McCoy takes another swig from his bottle before he remembers that that’s a very bad idea. He glares at it, clearly torn between keeping his mouth busy with things that aren’t taking Jim up on his offer and staying clear headed, the better to resist taking Jim up on his offer. If it can even be called an offer.
Fuck it. McCoy takes another gulp, watching Jim out of the corner of his eye, who is in turn avidly watching the play of muscles in McCoy’s throat as he swallows. The look on his face is the best argument he’s made so far and McCoy swallows again, even though his bottle is empty.
“Have you ever done this?” Jim’s head swings up at the question in that loose, exaggerated way that means he can still walk, but probably not in a straight line.
“Fucked? Yeah, I think I’ll manage.”
Some people are happy drunks, some people are mean drunks; Jim, when he’s drunk is just Jim, only more so. You ply a horny Jim Kirk with alcohol, you just get a hornier Jim Kirk. God help you. You get a morose Jim drunk and the results were downright maudlin. Jim never drinks to forget, it never works. Elephants and Jim Kirk, they remember.
All this to say that whether McCoy has this conversation now, or he has it next Wednesday, he will be having it. Hoping that Jim goes home and sleeps it off is like hoping for a pet unicorn. It ain’t gonna happen. If Jim wants to fuck him now, it’s a pretty safe bet that Jim wanted to fuck him five hours ago, when they were sitting in Xeno-anthropology and he was drawing large breasted stick figures going down on each other.
When McCoy is silent for too long, Jim nudges him with his elbow. “You can’t tell me you haven’t thought about it.”
“Dammit, if I had sex with everyone I’d ever though about fucking, my dick would fall off from sheer exhaustion.”
Kirk’s eyebrows do an excited little dance over that bit of information and he visibly files it away, no doubt to bring it up at the most inappropriate, inconvenient time possible.
But the fact remains that McCoy had thought about it. A lot. He’s thinking about it right now, which is doing absolutely nothing for his resolve. He brings his bottle to his mouth before remembering that it’s empty and letting his hand fall back to the table.
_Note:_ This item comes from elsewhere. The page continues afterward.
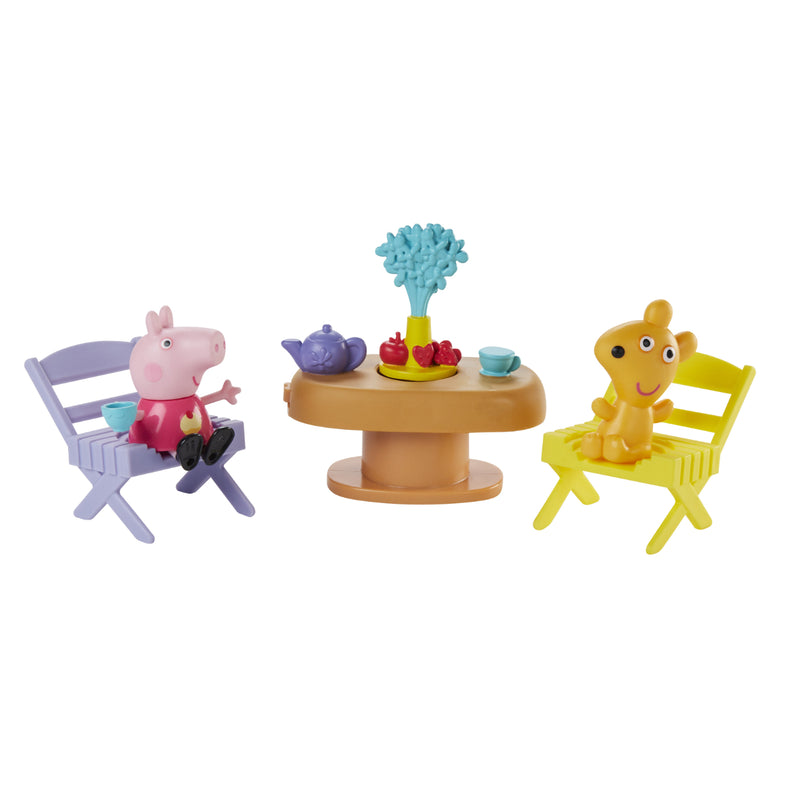 Peppa Pig Set Little Rooms Hora Del Té Con Peppa_001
Instead he takes a deep breath and puffs it out. “One time Jim, doesn’t matter if it’s great or if it’s poppin’ a boner in church awkward. We do this, you’re not allowed to get weird on me.” That wasn’t what he meant to say. He glares back at the bottle in his hands where he’s surprised to find his fingers have begun peeling back the label without informing his brain. God dammit, are there any parts of his body that are still taking orders like they’re supposed to?
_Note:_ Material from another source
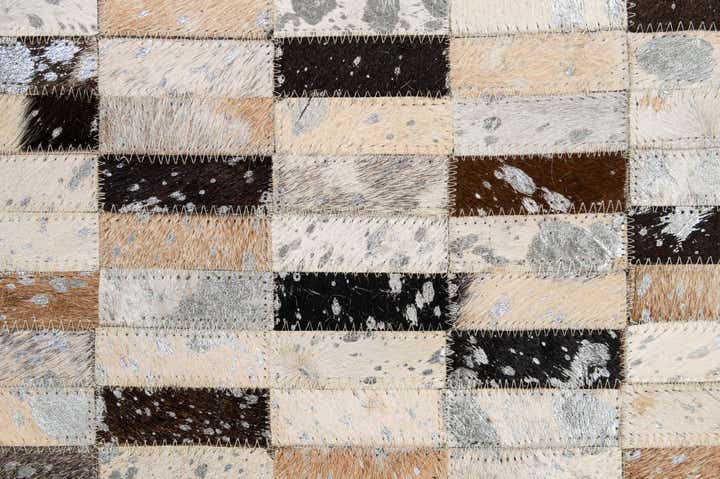 5' x 7' 11 Cowhide - Patchwork Rug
As it turns out, yes, there are.
Now…
McCoy rubs the heels of his hands tiredly against his eyes. He needs to go to bed. He needs to stop thinking about this and actually get some sleep so he can function in the morning, because if he has to sit through two classes and a full shift on duty without getting some shut eye, whether or not his best friend can look him in the eye may not make a difference when they kick his ass to the curb.
Climbing into bed and turning out the light doesn’t make his brain stop buzzing. Closing his eyes only brings up images of Jim.
Jim naked in his sheets, Jim laughing in the shower, Jim’s arm slung around McCoy’s chest, the only part of him he can see as Jim kneels behind him. FUCK. McCoy’s eyes snap open to blackness and the picture fade but don’t vanish. Jim on his knees, between McCoy’s legs; Jim sound asleep, on his side of the bed.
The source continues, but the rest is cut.